═══ EXERCISE DATA ═══

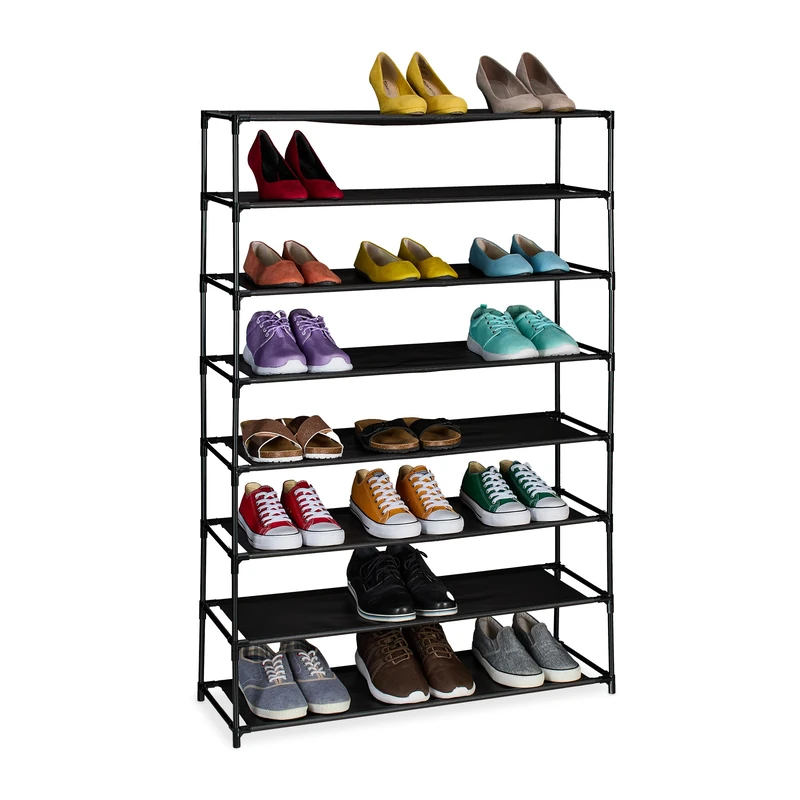 Relaxdays Shoe Rack, with 8 Levels, Metal Frame, Fabric, Plug Together, Organisation, Hallway Storage, Black, Fleece, 8 tier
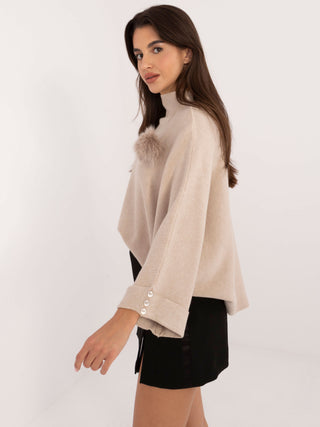 Sweter-PM-SW-57004.30-beżowy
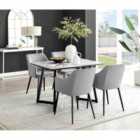Furniture Box Carson White Marble Effect Dining Table and 4 Grey Calla Black Leg Chairs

═══

**WORK INSTRUCTIONS**. Each line above should be returned exactly as it stands, minus any pictures.

**RESPONSE TO THE EXERCISE**.
 Relaxdays Shoe Rack, with 8 Levels, Metal Frame, Fabric, Plug Together, Organisation, Hallway Storage, Black, Fleece, 8 tier
 Sweter-PM-SW-57004.30-beżowy
Furniture Box Carson White Marble Effect Dining Table and 4 Grey Calla Black Leg Chairs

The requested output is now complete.